_Your goal_. Starting at the line that contains "Moderné stropné ventilátory" and stopping at the line that contains "Dar Lighting Jasper", transcribe every line of the material below exactly; pictures stay out.

_Given entries_.

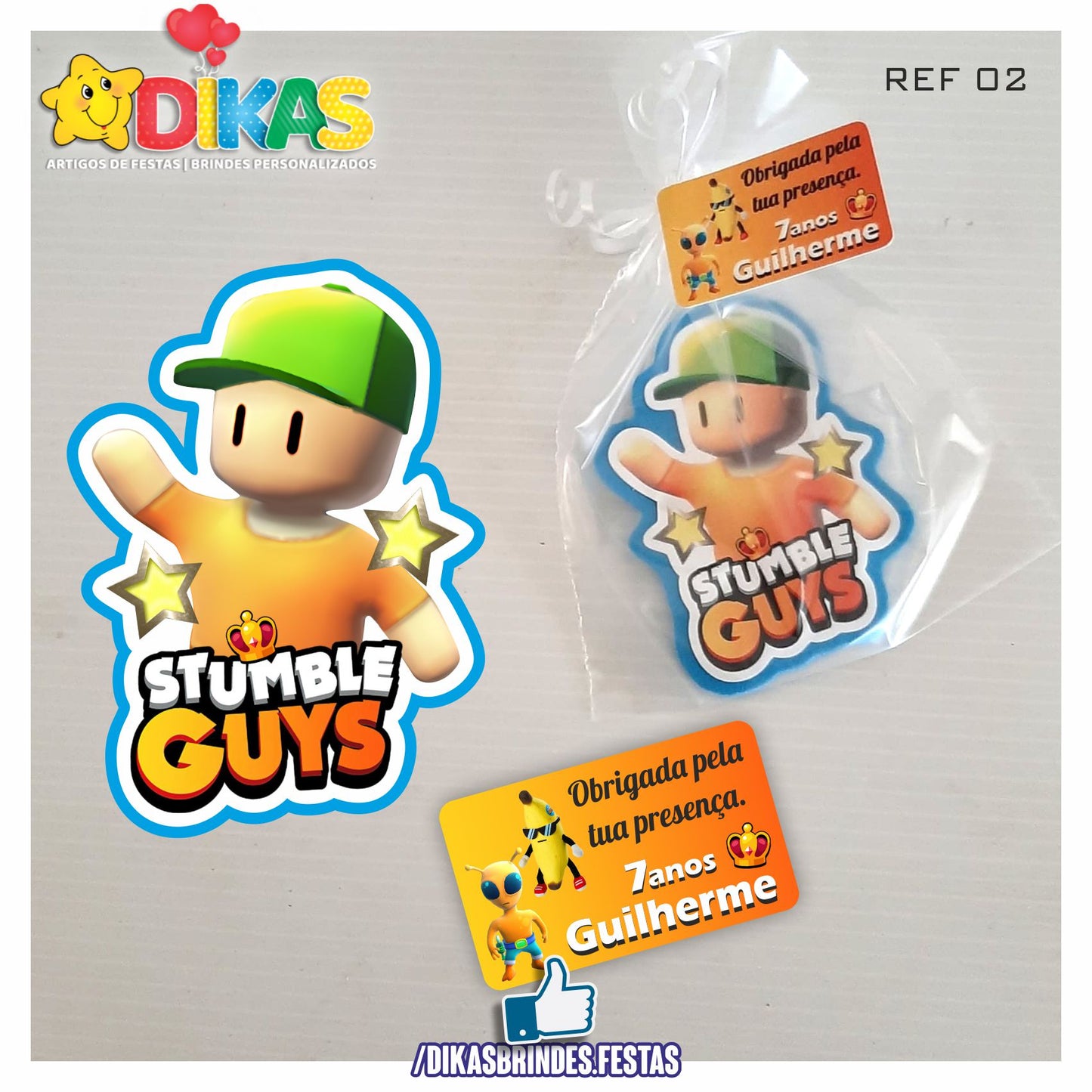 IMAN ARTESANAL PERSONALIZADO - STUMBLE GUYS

==

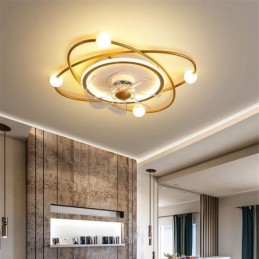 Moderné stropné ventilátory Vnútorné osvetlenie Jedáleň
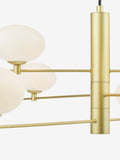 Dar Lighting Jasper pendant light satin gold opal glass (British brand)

_Solved problem_.
 Moderné stropné ventilátory Vnútorné osvetlenie Jedáleň
 Dar Lighting Jasper pendant light satin gold opal glass (British brand)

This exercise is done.